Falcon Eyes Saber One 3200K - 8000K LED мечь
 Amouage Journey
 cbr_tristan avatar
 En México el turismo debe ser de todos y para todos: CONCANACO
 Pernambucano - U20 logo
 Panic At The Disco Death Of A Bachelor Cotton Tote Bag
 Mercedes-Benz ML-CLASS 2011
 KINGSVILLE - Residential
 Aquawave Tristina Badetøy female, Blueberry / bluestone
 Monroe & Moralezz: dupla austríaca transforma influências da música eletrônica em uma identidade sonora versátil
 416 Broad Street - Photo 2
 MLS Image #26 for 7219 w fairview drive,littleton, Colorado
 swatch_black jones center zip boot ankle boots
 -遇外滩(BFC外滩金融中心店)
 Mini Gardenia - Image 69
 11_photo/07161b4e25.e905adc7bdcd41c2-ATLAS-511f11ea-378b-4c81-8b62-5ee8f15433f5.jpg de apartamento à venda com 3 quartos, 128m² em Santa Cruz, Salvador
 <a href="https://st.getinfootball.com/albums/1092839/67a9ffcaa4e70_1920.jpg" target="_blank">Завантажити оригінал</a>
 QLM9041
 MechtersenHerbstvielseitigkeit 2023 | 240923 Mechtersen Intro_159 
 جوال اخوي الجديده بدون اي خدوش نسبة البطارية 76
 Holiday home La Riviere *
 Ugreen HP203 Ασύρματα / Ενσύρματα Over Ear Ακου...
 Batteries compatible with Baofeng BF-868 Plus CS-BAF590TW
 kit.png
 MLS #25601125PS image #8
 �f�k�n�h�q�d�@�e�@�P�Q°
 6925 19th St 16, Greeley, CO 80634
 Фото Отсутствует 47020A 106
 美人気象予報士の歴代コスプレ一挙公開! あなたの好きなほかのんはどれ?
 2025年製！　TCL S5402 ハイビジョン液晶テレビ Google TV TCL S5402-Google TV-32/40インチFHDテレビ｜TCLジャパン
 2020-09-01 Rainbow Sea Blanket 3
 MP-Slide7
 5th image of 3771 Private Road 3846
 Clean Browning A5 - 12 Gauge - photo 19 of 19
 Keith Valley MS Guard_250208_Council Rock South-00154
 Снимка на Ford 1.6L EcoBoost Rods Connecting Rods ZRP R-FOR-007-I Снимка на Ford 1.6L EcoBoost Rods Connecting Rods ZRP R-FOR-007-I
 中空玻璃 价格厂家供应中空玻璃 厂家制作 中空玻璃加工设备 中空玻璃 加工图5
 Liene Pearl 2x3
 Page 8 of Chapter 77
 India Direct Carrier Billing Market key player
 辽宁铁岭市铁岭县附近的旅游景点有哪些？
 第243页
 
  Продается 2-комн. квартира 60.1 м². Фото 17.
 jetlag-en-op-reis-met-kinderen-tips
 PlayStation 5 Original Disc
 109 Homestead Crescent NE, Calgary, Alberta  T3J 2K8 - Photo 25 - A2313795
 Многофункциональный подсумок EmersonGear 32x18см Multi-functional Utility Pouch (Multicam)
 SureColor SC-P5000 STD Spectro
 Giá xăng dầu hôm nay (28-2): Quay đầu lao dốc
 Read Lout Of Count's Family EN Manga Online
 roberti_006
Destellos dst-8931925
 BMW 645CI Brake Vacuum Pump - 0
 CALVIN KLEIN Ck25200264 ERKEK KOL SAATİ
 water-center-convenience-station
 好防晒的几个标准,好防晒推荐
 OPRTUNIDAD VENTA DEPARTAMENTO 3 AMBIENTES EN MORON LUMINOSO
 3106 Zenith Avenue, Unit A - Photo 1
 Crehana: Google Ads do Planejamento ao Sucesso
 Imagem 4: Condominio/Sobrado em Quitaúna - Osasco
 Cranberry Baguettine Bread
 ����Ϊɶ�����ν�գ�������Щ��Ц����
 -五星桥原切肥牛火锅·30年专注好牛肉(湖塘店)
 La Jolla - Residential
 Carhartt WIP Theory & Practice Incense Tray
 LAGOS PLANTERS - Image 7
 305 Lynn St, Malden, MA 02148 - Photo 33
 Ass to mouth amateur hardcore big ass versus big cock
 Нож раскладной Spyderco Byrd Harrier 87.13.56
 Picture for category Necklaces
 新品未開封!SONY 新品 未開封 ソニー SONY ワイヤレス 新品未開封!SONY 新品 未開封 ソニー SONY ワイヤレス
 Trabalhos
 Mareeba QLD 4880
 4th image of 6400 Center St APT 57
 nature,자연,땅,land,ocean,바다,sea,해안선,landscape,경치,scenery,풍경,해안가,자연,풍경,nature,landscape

══════

Task details: Using the material above, retype every line without altering it.

Response to this task:
Falcon Eyes Saber One 3200K - 8000K LED мечь
 Amouage Journey
 cbr_tristan avatar
 En México el turismo debe ser de todos y para todos: CONCANACO
 Pernambucano - U20 logo
 Panic At The Disco Death Of A Bachelor Cotton Tote Bag
 Mercedes-Benz ML-CLASS 2011
 KINGSVILLE - Residential
 Aquawave Tristina Badetøy female, Blueberry / bluestone
 Monroe & Moralezz: dupla austríaca transforma influências da música eletrônica em uma identidade sonora versátil
 416 Broad Street - Photo 2
 MLS Image #26 for 7219 w fairview drive,littleton, Colorado
 swatch_black jones center zip boot ankle boots
 -遇外滩(BFC外滩金融中心店)
 Mini Gardenia - Image 69
 11_photo/07161b4e25.e905adc7bdcd41c2-ATLAS-511f11ea-378b-4c81-8b62-5ee8f15433f5.jpg de apartamento à venda com 3 quartos, 128m² em Santa Cruz, Salvador
 <a href="https://st.getinfootball.com/albums/1092839/67a9ffcaa4e70_1920.jpg" target="_blank">Завантажити оригінал</a>
 QLM9041
 MechtersenHerbstvielseitigkeit 2023 | 240923 Mechtersen Intro_159 
 جوال اخوي الجديده بدون اي خدوش نسبة البطارية 76
 Holiday home La Riviere *
 Ugreen HP203 Ασύρματα / Ενσύρματα Over Ear Ακου...
 Batteries compatible with Baofeng BF-868 Plus CS-BAF590TW
 kit.png
 MLS #25601125PS image #8
 �f�k�n�h�q�d�@�e�@�P�Q°
 6925 19th St 16, Greeley, CO 80634
 Фото Отсутствует 47020A 106
 美人気象予報士の歴代コスプレ一挙公開! あなたの好きなほかのんはどれ?
 2025年製！　TCL S5402 ハイビジョン液晶テレビ Google TV TCL S5402-Google TV-32/40インチFHDテレビ｜TCLジャパン
 2020-09-01 Rainbow Sea Blanket 3
 MP-Slide7
 5th image of 3771 Private Road 3846
 Clean Browning A5 - 12 Gauge - photo 19 of 19
 Keith Valley MS Guard_250208_Council Rock South-00154
 Снимка на Ford 1.6L EcoBoost Rods Connecting Rods ZRP R-FOR-007-I Снимка на Ford 1.6L EcoBoost Rods Connecting Rods ZRP R-FOR-007-I
 中空玻璃 价格厂家供应中空玻璃 厂家制作 中空玻璃加工设备 中空玻璃 加工图5
 Liene Pearl 2x3
 Page 8 of Chapter 77
 India Direct Carrier Billing Market key player
 辽宁铁岭市铁岭县附近的旅游景点有哪些？
 第243页
 
  Продается 2-комн. квартира 60.1 м². Фото 17.
 jetlag-en-op-reis-met-kinderen-tips
 PlayStation 5 Original Disc
 109 Homestead Crescent NE, Calgary, Alberta  T3J 2K8 - Photo 25 - A2313795
 Многофункциональный подсумок EmersonGear 32x18см Multi-functional Utility Pouch (Multicam)
 SureColor SC-P5000 STD Spectro
 Giá xăng dầu hôm nay (28-2): Quay đầu lao dốc
 Read Lout Of Count's Family EN Manga Online
 roberti_006
Destellos dst-8931925
 BMW 645CI Brake Vacuum Pump - 0
 CALVIN KLEIN Ck25200264 ERKEK KOL SAATİ
 water-center-convenience-station
 好防晒的几个标准,好防晒推荐
 OPRTUNIDAD VENTA DEPARTAMENTO 3 AMBIENTES EN MORON LUMINOSO
 3106 Zenith Avenue, Unit A - Photo 1
 Crehana: Google Ads do Planejamento ao Sucesso
 Imagem 4: Condominio/Sobrado em Quitaúna - Osasco
 Cranberry Baguettine Bread
 ����Ϊɶ�����ν�գ�������Щ��Ц����
 -五星桥原切肥牛火锅·30年专注好牛肉(湖塘店)
 La Jolla - Residential
 Carhartt WIP Theory & Practice Incense Tray
 LAGOS PLANTERS - Image 7
 305 Lynn St, Malden, MA 02148 - Photo 33
 Ass to mouth amateur hardcore big ass versus big cock
 Нож раскладной Spyderco Byrd Harrier 87.13.56
 Picture for category Necklaces
 新品未開封!SONY 新品 未開封 ソニー SONY ワイヤレス 新品未開封!SONY 新品 未開封 ソニー SONY ワイヤレス
 Trabalhos
 Mareeba QLD 4880
 4th image of 6400 Center St APT 57
 nature,자연,땅,land,ocean,바다,sea,해안선,landscape,경치,scenery,풍경,해안가,자연,풍경,nature,landscape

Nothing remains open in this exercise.